Please, help. Thanks in advance.
Solution 1:
Using standard notation,
given $\triangle ABC$ with angles $\alpha,\beta,\gamma$,
side lengths $a,b,c$, semiperimeter $\rho$,
radius $r$ of the inscribed circle,
and radius $R$ of the circumscribed circle,
\begin{align} \frac{\sin\alpha+ \sin\beta+ \sin\gamma} {\cos\alpha+ \cos\beta+ \cos\gamma} &=\frac{12}{7} \tag{1}\label{1} ,\\ \sin\alpha\sin\beta\sin\gamma &=\frac{12}{25} \tag{2}\label{2} . \end{align}
Using known identities,
\begin{align} \sin\alpha+ \sin\beta+ \sin\gamma &= \frac\rho R=u \tag{3}\label{3} ,\\ \cos\alpha+ \cos\beta+ \cos\gamma &= \frac rR+1=v+1 \tag{4}\label{4} ,\\ \sin\alpha\sin\beta\sin\gamma &= \frac{\rho r}{2R^2}=\tfrac12\,uv \tag{5}\label{5} , \end{align}
we ca rewrite \eqref{1}-\eqref{2} in terms of parameters $u=\rho/R,\,v=r/R$ as
\begin{align} \frac u{v+1}&=\frac{12}{7} \tag{6}\label{6} ,\\ \tfrac12\,uv &=\frac{12}{25} \tag{7}\label{7} . \end{align}
The system \eqref{6}-\eqref{7} has just two solutions,
\begin{align} u &= -\frac{24}{35},\quad v = -\frac75 \tag{8}\label{8} ,\\ u &= \frac{12}5,\quad v =\frac25 \tag{9}\label{9} , \end{align}
and obviously, only positive is valid, so, there is only one type of triangle with given properties.

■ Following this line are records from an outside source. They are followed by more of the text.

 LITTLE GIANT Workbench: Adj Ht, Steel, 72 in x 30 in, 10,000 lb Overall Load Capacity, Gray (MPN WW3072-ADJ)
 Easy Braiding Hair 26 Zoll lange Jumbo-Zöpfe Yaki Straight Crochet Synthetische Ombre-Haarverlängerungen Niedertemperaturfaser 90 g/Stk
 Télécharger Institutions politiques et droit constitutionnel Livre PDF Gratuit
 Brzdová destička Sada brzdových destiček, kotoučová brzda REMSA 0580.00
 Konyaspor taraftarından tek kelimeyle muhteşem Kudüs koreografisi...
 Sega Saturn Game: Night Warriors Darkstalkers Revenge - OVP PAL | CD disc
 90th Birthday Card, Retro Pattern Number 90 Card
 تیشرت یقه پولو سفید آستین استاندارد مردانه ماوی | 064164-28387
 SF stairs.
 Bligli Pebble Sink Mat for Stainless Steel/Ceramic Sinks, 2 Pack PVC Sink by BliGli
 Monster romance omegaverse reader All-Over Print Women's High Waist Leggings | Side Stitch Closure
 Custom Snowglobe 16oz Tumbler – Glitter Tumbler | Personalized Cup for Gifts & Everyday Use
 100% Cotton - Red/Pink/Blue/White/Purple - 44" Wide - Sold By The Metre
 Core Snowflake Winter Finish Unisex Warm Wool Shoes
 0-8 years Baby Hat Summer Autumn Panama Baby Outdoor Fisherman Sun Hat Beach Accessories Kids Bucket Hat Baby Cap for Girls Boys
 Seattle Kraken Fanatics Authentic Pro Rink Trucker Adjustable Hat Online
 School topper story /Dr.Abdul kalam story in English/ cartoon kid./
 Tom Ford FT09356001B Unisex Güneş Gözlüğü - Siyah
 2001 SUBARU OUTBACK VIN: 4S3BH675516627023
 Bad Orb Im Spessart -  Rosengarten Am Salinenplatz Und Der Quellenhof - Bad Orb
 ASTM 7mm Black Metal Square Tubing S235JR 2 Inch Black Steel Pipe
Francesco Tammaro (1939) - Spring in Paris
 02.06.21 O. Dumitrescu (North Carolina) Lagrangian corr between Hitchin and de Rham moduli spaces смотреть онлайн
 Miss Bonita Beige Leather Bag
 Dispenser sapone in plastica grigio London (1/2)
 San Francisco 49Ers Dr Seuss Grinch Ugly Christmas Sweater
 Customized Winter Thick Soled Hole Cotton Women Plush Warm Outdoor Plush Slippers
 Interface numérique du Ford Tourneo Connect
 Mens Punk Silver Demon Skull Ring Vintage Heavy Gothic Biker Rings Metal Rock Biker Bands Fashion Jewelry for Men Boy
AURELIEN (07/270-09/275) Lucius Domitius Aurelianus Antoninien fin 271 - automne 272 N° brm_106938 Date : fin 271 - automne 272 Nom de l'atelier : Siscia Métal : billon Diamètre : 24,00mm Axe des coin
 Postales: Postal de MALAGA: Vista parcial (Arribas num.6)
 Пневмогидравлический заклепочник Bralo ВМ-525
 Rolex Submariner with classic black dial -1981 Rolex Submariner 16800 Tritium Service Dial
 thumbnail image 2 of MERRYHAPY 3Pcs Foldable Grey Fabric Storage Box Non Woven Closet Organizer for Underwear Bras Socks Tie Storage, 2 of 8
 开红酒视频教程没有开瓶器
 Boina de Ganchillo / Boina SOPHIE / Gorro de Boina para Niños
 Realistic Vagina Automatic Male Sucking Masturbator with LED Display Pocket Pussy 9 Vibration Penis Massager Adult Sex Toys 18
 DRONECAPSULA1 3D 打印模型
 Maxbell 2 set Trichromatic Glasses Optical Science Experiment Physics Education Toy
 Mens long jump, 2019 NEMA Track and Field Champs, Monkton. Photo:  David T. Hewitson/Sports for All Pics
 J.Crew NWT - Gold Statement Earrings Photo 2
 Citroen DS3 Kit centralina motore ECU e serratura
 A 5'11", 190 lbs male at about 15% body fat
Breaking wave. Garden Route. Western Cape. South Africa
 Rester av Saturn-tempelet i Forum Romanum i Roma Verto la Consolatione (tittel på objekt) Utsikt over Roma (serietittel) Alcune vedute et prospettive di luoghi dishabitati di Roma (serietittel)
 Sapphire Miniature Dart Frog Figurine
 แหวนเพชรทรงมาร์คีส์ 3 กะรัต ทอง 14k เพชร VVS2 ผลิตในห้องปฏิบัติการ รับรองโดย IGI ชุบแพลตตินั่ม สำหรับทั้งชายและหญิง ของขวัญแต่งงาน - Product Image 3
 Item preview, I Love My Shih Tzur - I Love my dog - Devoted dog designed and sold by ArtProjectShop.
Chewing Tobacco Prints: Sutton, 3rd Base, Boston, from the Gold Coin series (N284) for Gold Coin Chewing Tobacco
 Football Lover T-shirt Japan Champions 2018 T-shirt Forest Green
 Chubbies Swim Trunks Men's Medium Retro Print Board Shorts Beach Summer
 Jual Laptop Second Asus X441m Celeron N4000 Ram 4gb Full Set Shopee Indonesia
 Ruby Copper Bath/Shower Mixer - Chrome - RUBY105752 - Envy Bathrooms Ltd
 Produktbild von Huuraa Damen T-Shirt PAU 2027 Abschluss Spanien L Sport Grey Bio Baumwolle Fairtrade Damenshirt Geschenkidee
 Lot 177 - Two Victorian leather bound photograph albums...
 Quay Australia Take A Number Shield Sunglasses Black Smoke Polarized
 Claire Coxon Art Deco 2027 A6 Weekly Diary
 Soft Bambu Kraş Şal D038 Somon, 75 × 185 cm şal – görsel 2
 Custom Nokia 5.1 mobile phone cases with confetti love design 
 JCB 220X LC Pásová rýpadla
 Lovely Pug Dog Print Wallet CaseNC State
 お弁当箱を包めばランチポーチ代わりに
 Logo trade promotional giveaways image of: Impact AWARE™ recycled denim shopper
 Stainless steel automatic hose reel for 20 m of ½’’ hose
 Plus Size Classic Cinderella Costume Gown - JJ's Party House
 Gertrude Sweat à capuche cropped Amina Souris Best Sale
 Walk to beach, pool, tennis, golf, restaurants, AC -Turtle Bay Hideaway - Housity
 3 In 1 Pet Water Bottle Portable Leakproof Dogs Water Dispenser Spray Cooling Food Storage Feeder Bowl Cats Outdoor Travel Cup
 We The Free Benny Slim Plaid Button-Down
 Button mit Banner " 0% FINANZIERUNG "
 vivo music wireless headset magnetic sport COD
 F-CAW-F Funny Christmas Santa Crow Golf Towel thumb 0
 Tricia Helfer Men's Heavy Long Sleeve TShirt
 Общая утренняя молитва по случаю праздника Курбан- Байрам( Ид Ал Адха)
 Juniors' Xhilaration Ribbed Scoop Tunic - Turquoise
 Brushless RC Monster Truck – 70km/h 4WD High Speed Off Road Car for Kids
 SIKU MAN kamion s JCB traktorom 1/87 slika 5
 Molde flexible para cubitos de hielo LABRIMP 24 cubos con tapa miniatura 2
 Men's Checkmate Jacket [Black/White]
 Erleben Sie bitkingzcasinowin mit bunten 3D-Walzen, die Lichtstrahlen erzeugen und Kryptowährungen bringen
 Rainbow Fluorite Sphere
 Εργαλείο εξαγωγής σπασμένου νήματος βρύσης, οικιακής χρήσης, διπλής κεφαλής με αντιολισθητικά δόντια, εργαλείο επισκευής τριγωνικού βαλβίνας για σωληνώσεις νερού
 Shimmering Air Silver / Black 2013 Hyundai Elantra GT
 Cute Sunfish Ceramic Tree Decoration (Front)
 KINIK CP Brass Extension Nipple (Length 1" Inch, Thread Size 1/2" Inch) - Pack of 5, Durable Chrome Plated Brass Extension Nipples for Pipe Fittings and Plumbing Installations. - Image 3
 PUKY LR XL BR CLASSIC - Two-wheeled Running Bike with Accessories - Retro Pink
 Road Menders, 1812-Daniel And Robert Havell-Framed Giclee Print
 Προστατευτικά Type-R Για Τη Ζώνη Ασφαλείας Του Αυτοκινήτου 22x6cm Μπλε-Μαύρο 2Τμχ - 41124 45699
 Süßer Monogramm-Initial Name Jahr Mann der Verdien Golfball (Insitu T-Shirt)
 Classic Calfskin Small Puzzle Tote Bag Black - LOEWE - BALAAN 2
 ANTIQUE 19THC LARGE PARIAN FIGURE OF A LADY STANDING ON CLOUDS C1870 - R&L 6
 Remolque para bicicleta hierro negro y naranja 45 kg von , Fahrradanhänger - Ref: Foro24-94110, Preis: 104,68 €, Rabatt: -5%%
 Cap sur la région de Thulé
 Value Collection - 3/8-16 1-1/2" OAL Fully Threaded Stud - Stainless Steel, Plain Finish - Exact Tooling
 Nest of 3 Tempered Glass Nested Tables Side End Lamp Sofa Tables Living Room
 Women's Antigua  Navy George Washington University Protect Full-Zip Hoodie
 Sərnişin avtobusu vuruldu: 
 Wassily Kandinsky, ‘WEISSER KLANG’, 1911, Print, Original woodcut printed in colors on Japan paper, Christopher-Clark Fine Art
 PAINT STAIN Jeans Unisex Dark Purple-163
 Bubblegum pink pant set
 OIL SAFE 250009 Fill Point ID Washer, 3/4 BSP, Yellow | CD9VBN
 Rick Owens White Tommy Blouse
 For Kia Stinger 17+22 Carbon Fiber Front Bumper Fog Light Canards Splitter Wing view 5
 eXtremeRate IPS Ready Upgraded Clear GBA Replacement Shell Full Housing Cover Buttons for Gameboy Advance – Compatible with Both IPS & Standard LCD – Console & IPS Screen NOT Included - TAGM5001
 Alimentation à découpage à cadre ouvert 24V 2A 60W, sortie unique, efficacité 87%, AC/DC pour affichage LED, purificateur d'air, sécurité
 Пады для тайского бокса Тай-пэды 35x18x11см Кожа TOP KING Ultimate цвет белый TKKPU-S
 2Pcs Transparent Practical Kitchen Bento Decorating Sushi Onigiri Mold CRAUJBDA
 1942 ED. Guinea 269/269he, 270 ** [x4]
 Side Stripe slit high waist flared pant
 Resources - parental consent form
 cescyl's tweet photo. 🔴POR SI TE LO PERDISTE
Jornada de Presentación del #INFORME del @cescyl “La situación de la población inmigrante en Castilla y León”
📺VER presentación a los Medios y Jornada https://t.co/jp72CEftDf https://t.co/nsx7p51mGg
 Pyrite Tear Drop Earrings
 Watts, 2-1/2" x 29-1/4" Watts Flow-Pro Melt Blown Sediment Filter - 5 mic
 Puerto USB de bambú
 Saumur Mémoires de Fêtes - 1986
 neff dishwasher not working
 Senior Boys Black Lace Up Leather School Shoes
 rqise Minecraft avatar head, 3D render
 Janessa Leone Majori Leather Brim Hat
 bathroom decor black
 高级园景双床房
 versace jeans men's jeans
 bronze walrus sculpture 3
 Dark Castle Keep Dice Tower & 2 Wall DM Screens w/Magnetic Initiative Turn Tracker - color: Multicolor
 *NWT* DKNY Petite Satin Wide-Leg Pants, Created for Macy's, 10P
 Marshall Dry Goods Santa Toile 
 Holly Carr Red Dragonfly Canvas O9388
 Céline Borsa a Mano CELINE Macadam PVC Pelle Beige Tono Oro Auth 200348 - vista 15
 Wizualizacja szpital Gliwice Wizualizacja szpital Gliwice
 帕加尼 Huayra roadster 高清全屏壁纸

Solution of the cubic equation \begin{align} x^3-2u\,x^2+(u^2+v^2+4v)\,x-4uv &=0 \tag{10}\label{10} ,\\ x^3-\frac{24}5\,x^2+\frac{188}{25}\,x-\frac{96}{25} &=0 \tag{11}\label{11} \end{align}
gives a unique triplet of side lengths of triangle with $R=1$, which satisfies \eqref{1} and \eqref{2}
\begin{align} a&=\frac65,\quad b=\frac85,\quad c=2 \tag{12}\label{12} . \end{align}
As we can see, this triangle is similar to the famous $3-4-5$ right-angled triangle.
Indeed, we have \begin{align} \sin\alpha&=\frac35,\quad\sin\beta=\frac45,\quad\sin\gamma=1 \tag{13}\label{13} ,\\ \cos\alpha&=\frac45,\quad\cos\beta=\frac35,\quad\cos\gamma=0 \tag{14}\label{14} , \end{align}
\begin{align} \sin\alpha+\sin\beta+\sin\gamma &= \frac{12}5 \tag{15}\label{15} ,\\ \cos\alpha+ \cos\beta+ \cos\gamma &= \frac75 \tag{16}\label{16} ,\\ \frac{\sin\alpha+ \sin\beta+ \sin\gamma} {\cos\alpha+ \cos\beta+ \cos\gamma} &=\frac{12}{7} \tag{17}\label{17} ,\\ \sin\alpha\sin\beta\sin\gamma &= \frac{12}{25} \tag{18}\label{18} . \end{align}